A few readers have reacted to my post on Gertrude Himmelfarb and “why intellectuals hate capitalism” and pointed out that we are not actually sure that capitalism is less popular among intellectuals than among other social groups.
A few years ago the idea that intellectuals were overly hostile to capitalism passed unchallenged. The essay by Himmelfarb which I mentioned deals with “European criticisms of America”. Anti-Americanism in Europe has been particularly widespread among cultivated people and has taken the form of disdain for “low” culture and consumerism.
By saying “intellectuals” I do typically think of those whom Robert Nozick labeled as “wordsmiths”.

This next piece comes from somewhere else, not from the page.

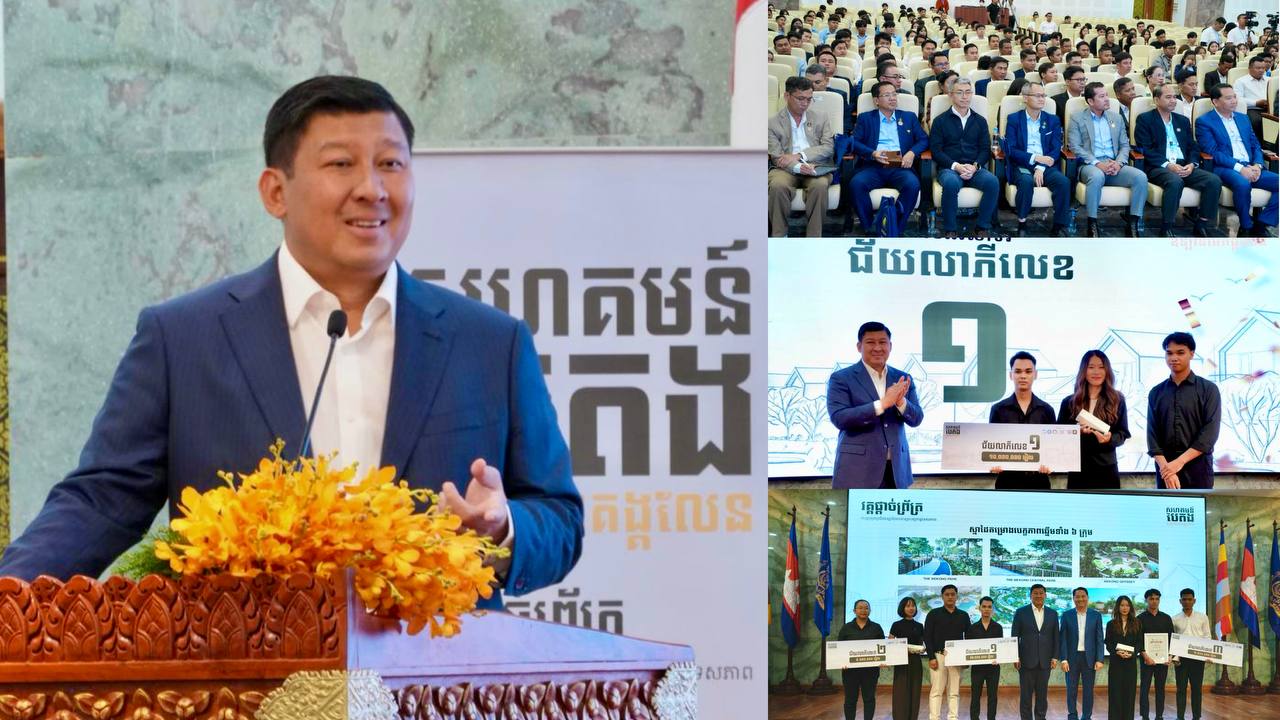 ឯកឧត្តមឧបនាយករដ្ឋមន្ត្រី សាយ សំអាល់ ៖ កម្មវិធីប្រកួតប្រជែងស្នាដៃស្ថាបត្យកម្ម​សហគមន៍បៃតងឧទ្យានមេគង្គលែន ជាចំណុចចាប់ផ្ដើមនូវការផ្លាស់ប្ដូរនៃផ្នត់គំនិត និងជីវិតរបស់ប្រជាជនកម្ពុជា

By intellectuals, I do not mean all people of intelligence or of a certain level of education, but those who, in their vocation, deal with ideas as expressed in words, shaping the word flow others receive. These wordsmiths include poets, novelists, literary critics, newspaper and magazine journalists, and many professors. It does not include those who primarily produce and transmit quantitatively or mathematically formulated information (the numbersmiths)
One criticism of my post was that intellectuals do not necessarily have “uncommon” tastes – that is, they may be into pop culture as much as anybody else. The TV show Big Bang Theory suggests that nowadays scientists are often seen as “nerds,” no less obsessed by “low-brow” products (comic books and science fiction) than by “high culture”. I wonder if that also applies to wordsmiths. Yet higher education seems to be a stronger predictor of museum attendance and quite a high percentage of opera fans and classical music lovers tend to have at least a college degree. Not all intellectuals prefer Così fan tutte to Thor Ragnarok, but it seems to me that it is not a weird assumption that a certain refinement comes with education.
The other criticism is that we can’t say with any certainty that intellectuals are less pro-capitalist than other groups. I agree that we would need more data. After all, we know more or less what intellectuals, social scientists in particular, think about political issues: they publish articles and books. Other professions’ political ideas tend to remain more private.
On top of that, today the most vocal criticism of globalisation and free trade comes out of groups – voters who go for “populist” parties and their spokespersons – that are ostensibly anti-intellectual.
This question is closely related to the issue of pluralism in academia.
A 2009 Pew poll suggests that academics overwhelmingly self-define as “liberals”, with barely 2% of them self-defining as “conservatives”. The survey of scientists was conducted with a sample of members of the American Association for the Advancement of Science (AAAS), which, unless I am mistaken, includes social scientists too.
A recent and important paper by Jonathan Haidt, Philip Tetlock, Lotta Stern, Jarret Crawford, José Duarte and Lee Jussim points out that social psychologists are overwhelmingly on the left side of the political spectrum. That US universities (let alone European ones) are more and more ideologically homogeneous is a problem the same as one President Obama has argued about, pointing out that students shouldn’t be “coddled” in one particular point of view.
Take economists, who are more sympathetic to the market economy among academics. This paper by Dan Klein and Lotta Stern (“Is there a free market economist in the house?“) reports that only a tiny minority of economists share a sharply “pro market” policy outlook.
Now, how does this compare with the times described in the Himmelfarb and Mises’ works I have mentioned? I would agree that the number of intellectuals not hostile to capitalism has grown: in the 1950s theirs was a small lot. When the Mont Pelerin Society was founded in 1947 it had only fifty members.
But the persistence of the anti-capitalistic mindset makes it an interesting subject. Of course, an anti-capitalist intellectual could easily reply that intellectuals tend to be hostile to capitalism simply because they thought about capitalism more carefully and thoroughly.
Is that a reasonable contention?
READER COMMENTS
Alan Goldhammer
Nov 27 2017 at 11:55am
The term ‘anti-capatilistic mindset’ is way to broad. There are a lot of us who believe that unfettered capitalism of the sort Ayn Rand writes about is not a good road to travel down. I am pro-market but believe that adequate regulations need to be in place in order for things to function smoothly. One can argue about the breadth of regulation to to advance the thesis that none are needed and that the ‘market’ will be self correcting are delusional in my opinion. This former point is what should be debated and not the latter.
Andrew Smith
Nov 27 2017 at 11:57am
What did Himmelfarb say about the attitude of the typical intellectual to Black Lives Matter or, say, transgender rights? My point is that the sets of issues that today pre-occupy most Anglo-Americans academic are very different from the politico-economic issues that were the focus of intellectuals during the Cold War, which is when Himmelfarb was writing. Today, many intellectuals are concerned with issues that are unrelated to the left-right spectrum as Himmelfarb, Milton Friedman, etc would have recognised it.
Thaomas
Nov 28 2017 at 10:31am
I think the definitional problem is what it means to be “anti-capitalistic.” Few people “on the Left” favor anti-capitalistic systems like North Korea and Cuba. How almost perfect does one need to believe Capitalism is in order not to be “anti-capitalistic?”